Stopping EU national coming and working in the UK.
Because it is racist.
Not all Brexiteers are racist, but many are.
EU citizens have come over here, worked, lived, paid taxes, spent money, rented and bought houses, doing the jobs we Brits don't want to do.
We chased them away, made it clear they're not welcome, won't even supply those who apply for settled status a piece of paper stating that. Many secotrs have huge numbers of vacancies usually taken by EU nationals. The scheme last year to repace them in fruit picking with Brit volunteers was a disaster. That situation si worse this year. Now there are 70,000 vacancies in road haulage, and the whole system is about to collapse.

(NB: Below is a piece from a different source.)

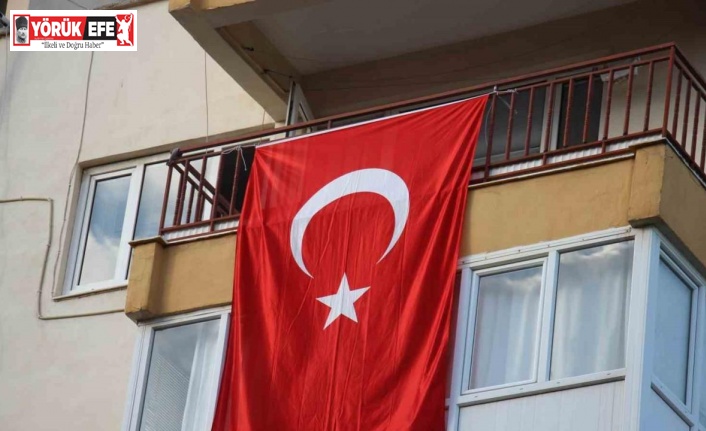 Konya’daki kazada şehit olan Uzman Çavuş Güven’in evine Türk bayrağı asıldı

And UK citizens living in the EU have found the promises that Brexit wouldn't affect them were empty promises. People have to apply for citizenship, or settled status. Many who retired don't have the incomes to meet residesency requirements and are having to come home.
Passports will be the next thing. Colour of them means nothing, its the fact that entering the EU now will mean going in the slow lane as immigration, not being able to use the e-scanners, and finding that mobile phone companies will charge for roaming once again.
Brexit will be hundreds of small changes that make life more difficult, more expensive, we may get used to it, but it isn't better.
There are amny other areas, of course.
But is there hope?
I am relying on reality and common sense. Though in Brexitlalaland there is little common sense. It all goes bac to (3.) above. It is impossible to replace any sigificant amount of trade lost with the EU with trade elsewhere. In order to trade, there will be alignment. It will be slow, and might take many years, decades. But the polls show that support for Brexit is in the older generation, and f support in the under 40s continues, then rejoining at some point is a possibility. But even if not, alignment so close it won't really matter, the UK will be happy to be a rule taker.
What we will have lost is years, decades of lost growth, which so far is running at £800 million a week. Multiply that by years by decades and that growth, that wealth can never be replaced. We will just all be poorer.